Project Overview
SentiSing is an interactive VR singing system that externalizes vocal and musical affect as real-time environmental feedback.
The system treats voice and music as continuous affective signals, mapping arousal and valence to dynamic changes in a virtual forest, including color, growth, and atmospheric motion.
This design forms a real-time multisensory affective loop, allowing singers to directly perceive and shape their emotional expression through interaction.
Background
Singing is a highly embodied activity in which vocal expression unfolds dynamically over time. Beyond pitch and loudness, the human voice carries rich affective variation that reflects expressive intensity and emotional nuance.
However, in many digital karaoke and music interaction systems, singing is primarily supported through auditory output or symbolic visual cues, such as pitch indicators and scoring, while the affective dimension is rarely considered and immersive emotional feedback remains limited.
Virtual reality offers a space to reconsider what singing interfaces might respond to. Affective vocal expression remains an underexplored interaction input in immersive systems. Singing provides a continuous stream of emotional modulation that users intuitively shape with music. Treating vocal affect as interaction material suggests a way for VR environments to respond not only to action, but to felt experience through multisensory feedback.
Affective interaction research commonly represents emotional dynamics using arousal–valence models. Within music interaction systems, these representations support visual feedback that responds fluidly to expressive variation. Color, for example, has been widely used to convey affective valence through warm–cool mappings, while real-time visualization can support performers’ awareness and modulation of vocal expression.
Approach
The prototype is implemented in Unity 6 and deployed on an Oculus Quest 3, with vocal input captured via a dynamic microphone and analyzed in real time. Before singing begins, the system performs an individual calibration phase in which users complete controlled vocal tasks, including sustained phonation and variations in pitch and intensity, to establish a personal vocal baseline. This baseline normalizes subsequent arousal–valence outputs, enabling affective variation to be interpreted relative to the user’s expression. Signal-quality confidence gating further stabilizes real-time interaction while preserving differences in vocal range and expressive style.
To drive the virtual environment, the system integrates two complementary affect streams within a shared arousal–valence space. Vocal affect is analyzed in real time using openSMILE (eGeMAPS), functioning as a direct control signal that reflects moment-to-moment expressive variation. Musical affect is pre-analyzed using Essentia to capture the song’s emotional trajectory, which shapes the overall atmospheric context.
Users are situated in a fantasy forest where singing transforms the environment through metaphorical representations of affect in color, growth, and atmospheric motion, making vocal expression and musical emotion perceptible in space.

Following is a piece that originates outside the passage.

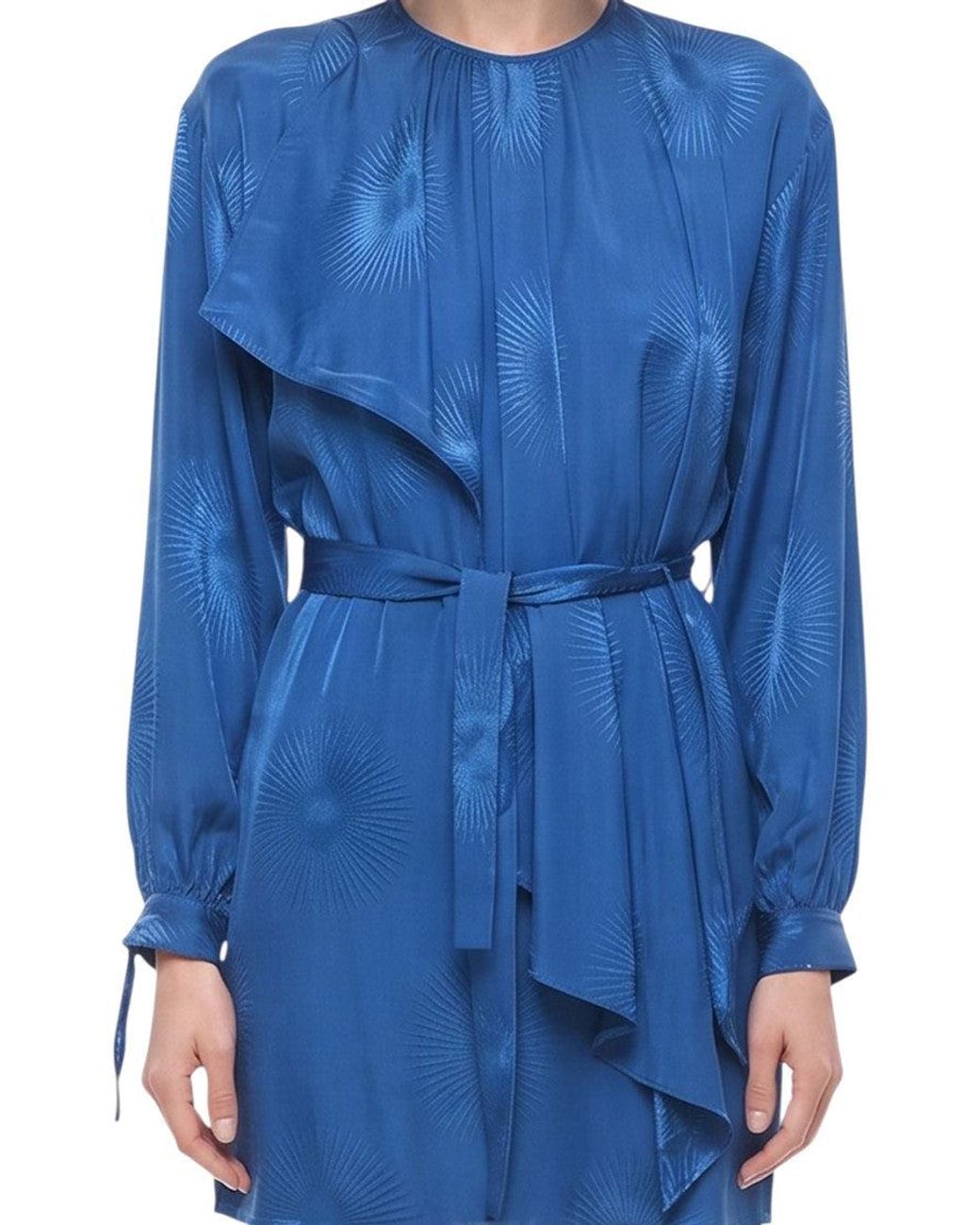 Stella McCartney Blue Textured Round Neck Mini Dress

Interaction is driven by singing. Pitch controls the butterfly’s vertical movement and its interaction with MIDI-generated note orbs, providing real-time feedback on vocal activity. Visual feedback evolves through the interplay of vocal and musical affect, situating individual expression within the song’s emotional landscape.
Affective features modulate multiple visual elements within the forest scene. Vocal valence influences the color of flower bloom effects that appear when the butterfly passes through note orbs, using warm and cool tones to convey affective polarity. Vocal arousal controls the density of magical vegetation emerging along the butterfly’s flight path, linking expressive intensity to visible growth activity within the environment.
Musical affect modulates surrounding fog and leaf coloration to establish an ambient emotional atmosphere that mirrors the song’s mood dynamically. The broader background sky and aurora colors are jointly controlled by vocal and musical affect, with greater weight assigned to vocal expression to emphasize real-time performance nuances. To highlight voice-music affective alignment, the system triggers subtle particle effects as non-scoring visual cues when vocal and musical affect coincide within predefined regions of the arousal–valence space. These cues invite singers to sense moments when their expression aligns with the song’s emotional flow, supporting a felt experience of resonance.